O Primo Caçula da Torre de Pisa

Ontem, a notícia de que o Big Ben pode estar inclinando, querendo ficar parente da Torre de Pisa, foi a mais lida por onde ela saiu. No El País da Espanha ou na BBC Brasil. No El País – quem pode explicar – foi mais popular que uma entrevista com Angela Merkel, em que a líder alemã discorre sobre a crise espanhola. A força dos símbolos. Imagine-se então quantos milhões de dólares a mais não ganharia Scorsese, se ao invés de morar por trás de um relógio anônimo, numa obscura estação de trens fictícia, em Paris, o seu Hugo vivesse por trás do Big Ben. E, note, não de qualquer Big Ben, mas de um que se vai descobrir - em paralelo à exibição de Hugo - estar inclinando: teria sido a glória em terra.
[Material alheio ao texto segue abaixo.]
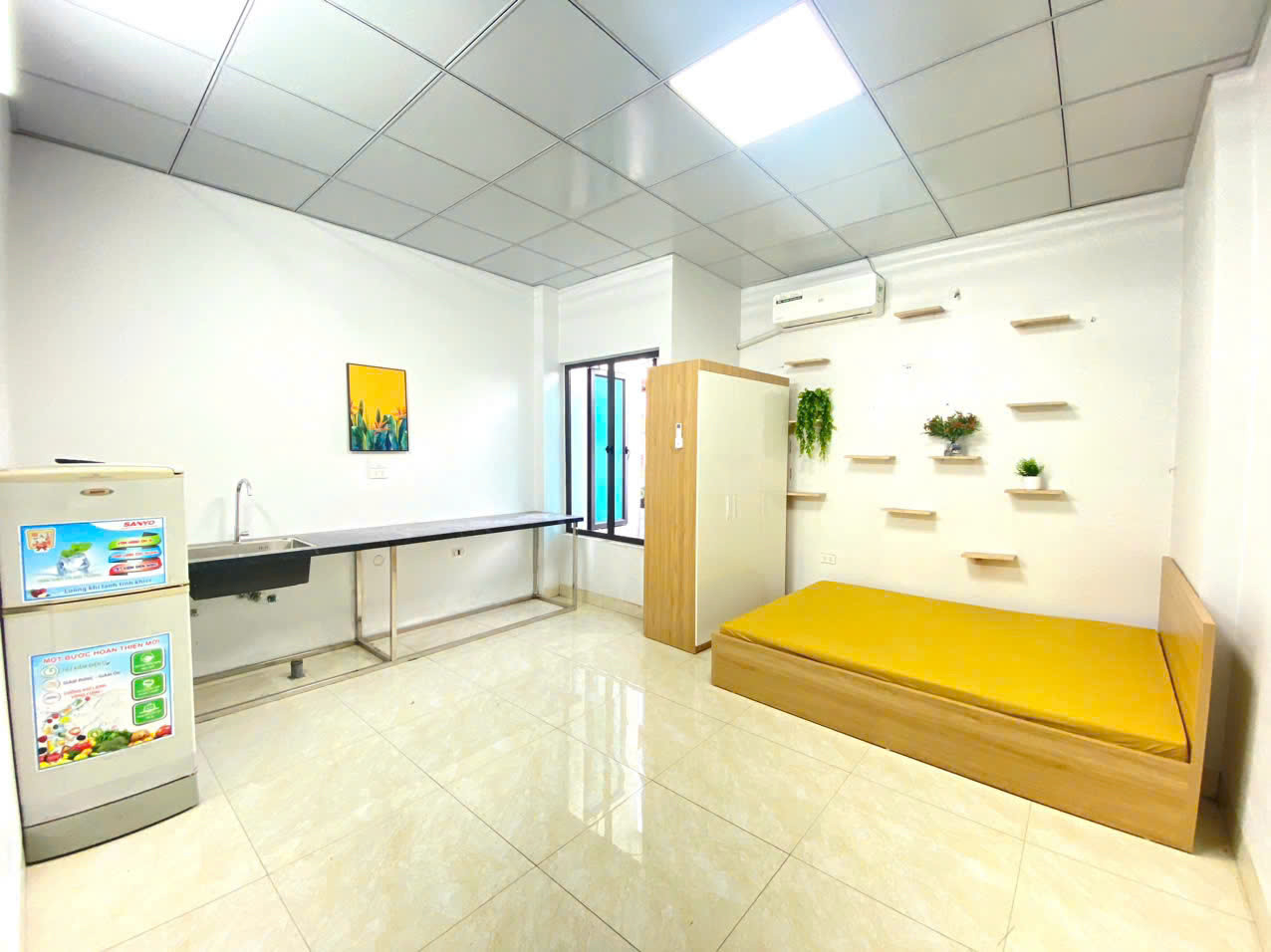 Cho thuê Nhà trọ/phòng trọ 36m² giá 3.2 triệu/ tháng tại Đường Quốc lộ 32 Xã Hoài Đức Hà Nội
E então seria preciso apenas descobrir alguma ligação entre Méliès e Londres para factibilizar um roteiro que pudesse contabilizar ainda mais lucros, como deve ser em casos assim. Mas raios não caem duas vezes no mesmo lugar. E, de resto, quem assistiu o documentário de Scorsese sobre George Harrison (Living in the Material World, 2011), pôde constatar que além de nada trazer de propriamente novo em termos de informação, música ou iconografia, também nada acrescenta à forma documentário. A impressão que se tem - ao contrário de seu celebrado filme sobre Dylan (No Direction Home: Bob Dylan, 2005) - é a de que dessa vez Scorsese parece ter entrado no projeto apenas com a grife do nome.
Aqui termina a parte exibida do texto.